Falcon 9 fails to land again, but SpaceX has reason to be hopeful

The Falcon 9's rocket booster returned after a successful mission of putting the Jason-3 satellite in orbit, but failed to land properly on a drone ship after a landing leg failed to lock

Published Date
18 - Jan - 2016
| Last Updated
19 - Jan - 2016
 
Falcon 9 fails to land again, but SpaceX has reason to be hopeful

SpaceX’s foray into low cost space travel almost earned another feather in its cap, with successfully sending the Jason-3 satellite into orbit, 800 miles above the Earth. However, the concluding stage of the mission did not go as Elon Musk would have liked. With landing scheduled to occur on a ship, the Falcon 9 rocket toppled over owing to a landing leg that failed to latch on.

This is the third time that SpaceX has failed to land its rocket in the middle of the sea. On both the previous attempts, the rockets tipped over, fell and exploded. While this time was quite similar, SpaceX is taking encouragement from its progress. While landing on the sea is more difficult because of limited target area and high waves, it is a more cost-effective option. Once the Falcon 9 takes off and goes into space, it has to either trace back its entire horizontal and vertical trajectory to head back onto solid ground. SpaceX, focusing on affordability, has taken the cost-effective route of directing back the rocket onto target areas in the middle of oceans, where drone ships locate themselves almost directly underneath the rocket’s landing target. While directing a rocket back to a landing spot on the ground is safer, it also takes up more fuel than what low-cost space missions may permit.
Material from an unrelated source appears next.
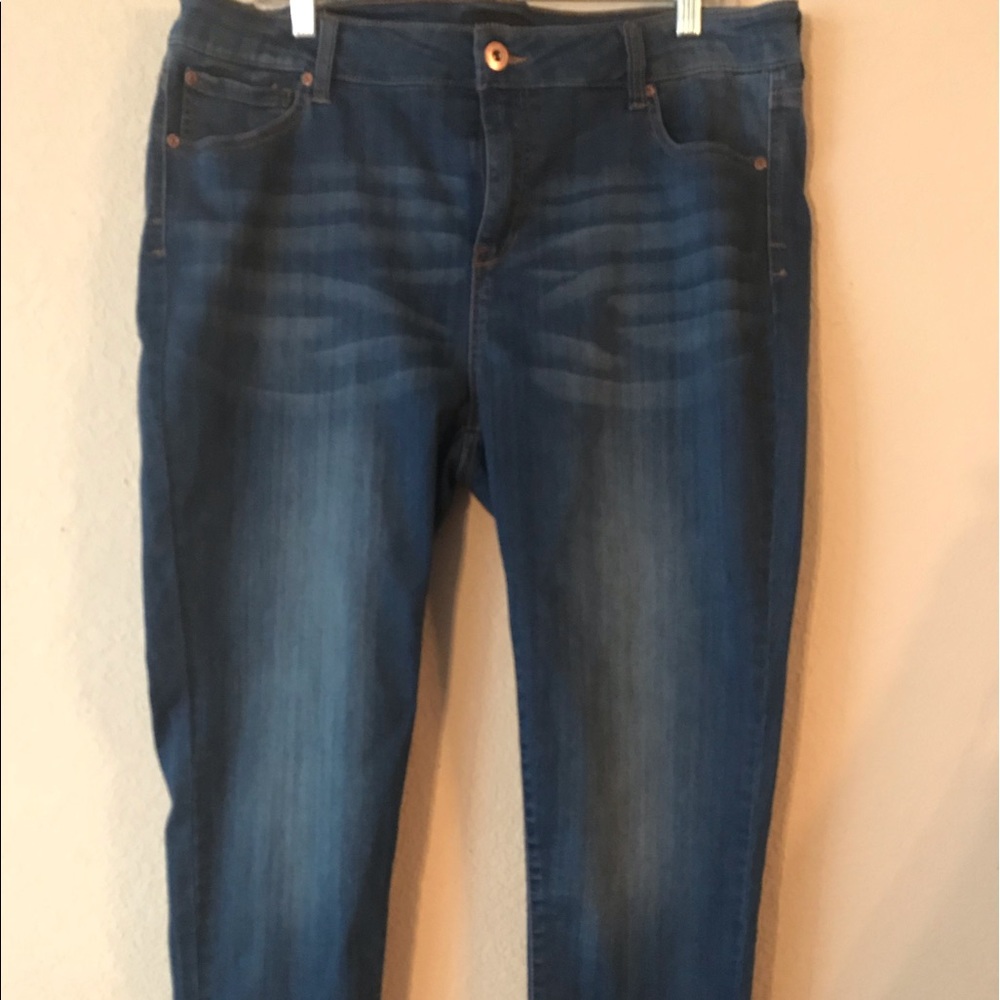 Celebrity Gold Skinny Leg Stretch Jeans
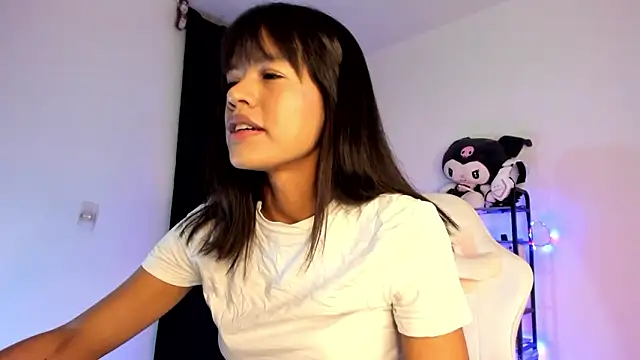 meganthompsonn22 online show from 5, 3, 2026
Elon Musk, CEO of SpaceX, later tweeted stating that the landing was “good”, and there was nothing out of order with its touchdown speed. In tandem, the rocket booster from SpaceX’s December mission was recovered and examined, and was found to be in “great shape”, as Hans Koenigsmann, Vice President of Mission Assurance at SpaceX, put it. Rather than dumping the rocket booster into the ocean, recovering it allows the company to possibly reuse it for a second mission, thereby reducing the expenses incurred by a great margin. However, there is always the question of what cost would it take to set the rocket booster up for a viable re-launch, and the question of reduced saving margins. While SpaceX claims that the previous booster is in great shape, it will possibly not be sent back into space again, instead be put for show. This, however, puts groundwork for reusable rocket boosters in future firmly in place.

While SpaceX’s third landing in the middle of the ocean did not go as well as it would have hoped for, it is a signal for brighter days to come for affordable space travel. If mid-ocean landings and reusable equipment can indeed be examined and processed, this may lead a way for the privatisation of the space exploration forefront simply based on much lower expense.